WHAT IS EXPECTED: Using the listing below, copy exactly each line from the one that has "Haverland Wi7 SmartWave" through the one that has "Tiffany & Co platinum diamond halo ring."; omit the pictures.

EXERCISE MATERIALS:

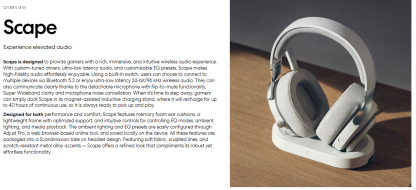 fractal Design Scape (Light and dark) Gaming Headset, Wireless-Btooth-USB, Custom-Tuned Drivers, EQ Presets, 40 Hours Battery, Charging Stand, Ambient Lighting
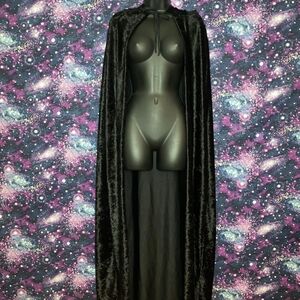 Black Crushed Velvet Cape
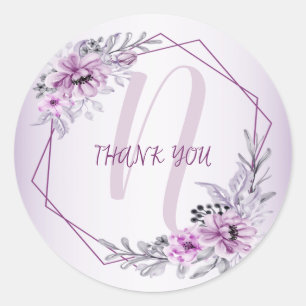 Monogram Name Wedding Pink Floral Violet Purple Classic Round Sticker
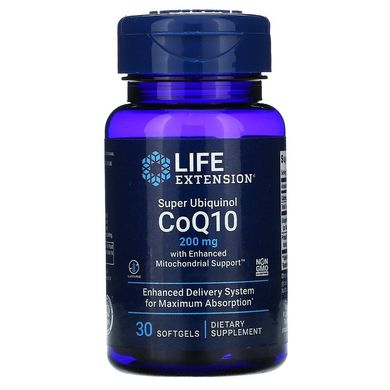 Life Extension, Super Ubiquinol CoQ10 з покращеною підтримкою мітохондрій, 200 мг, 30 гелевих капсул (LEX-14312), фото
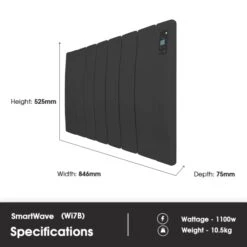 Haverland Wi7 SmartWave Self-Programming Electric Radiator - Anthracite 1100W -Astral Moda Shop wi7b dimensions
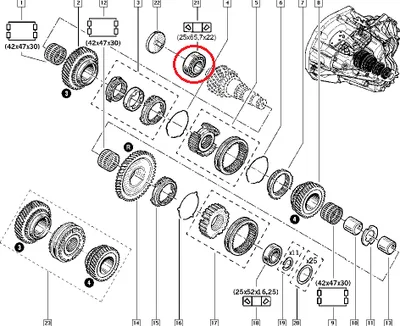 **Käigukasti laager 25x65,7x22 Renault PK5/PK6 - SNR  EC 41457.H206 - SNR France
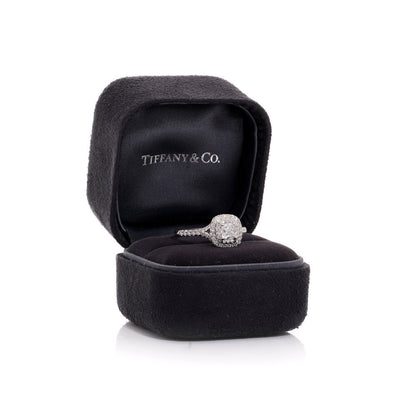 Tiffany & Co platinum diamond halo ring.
==
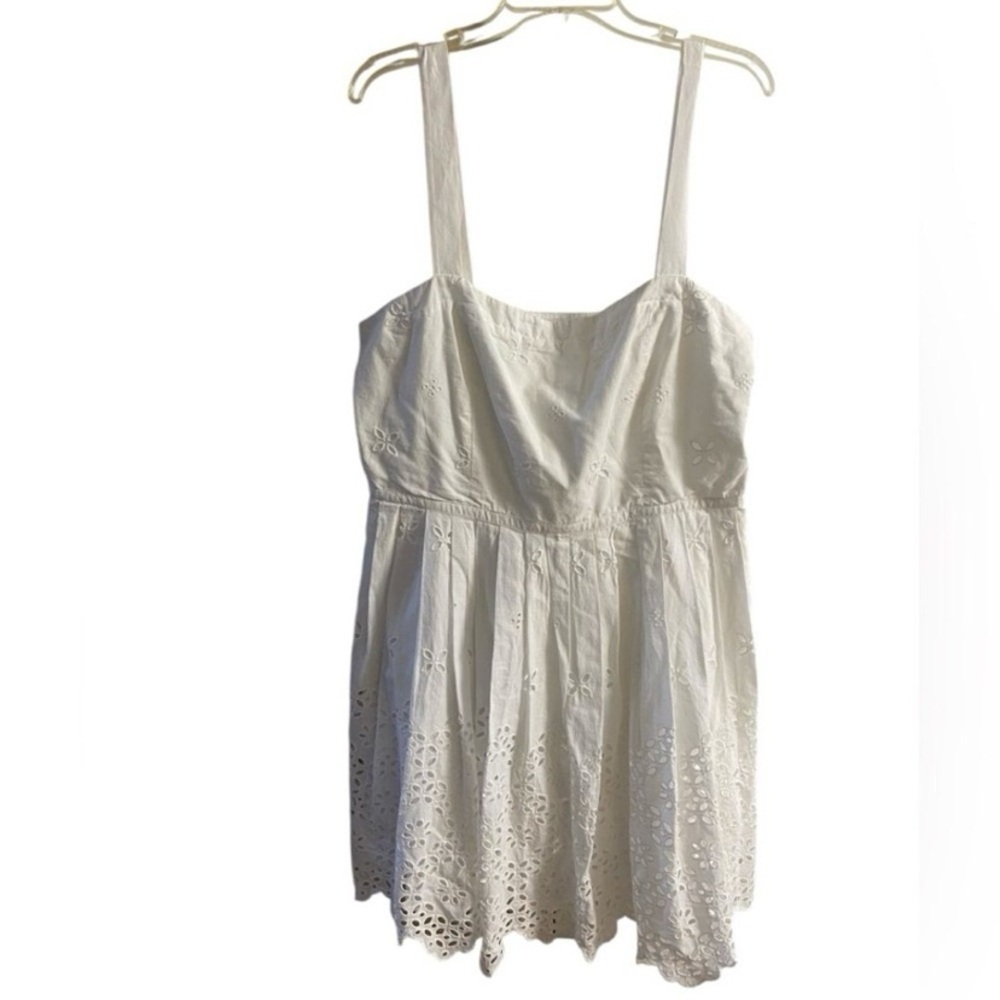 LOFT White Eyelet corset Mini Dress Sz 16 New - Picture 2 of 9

SOLUTION FOR THIS PROBLEM:
 Haverland Wi7 SmartWave Self-Programming Electric Radiator - Anthracite 1100W -Astral Moda Shop wi7b dimensions
 **Käigukasti laager 25x65,7x22 Renault PK5/PK6 - SNR  EC 41457.H206 - SNR France
 Tiffany & Co platinum diamond halo ring.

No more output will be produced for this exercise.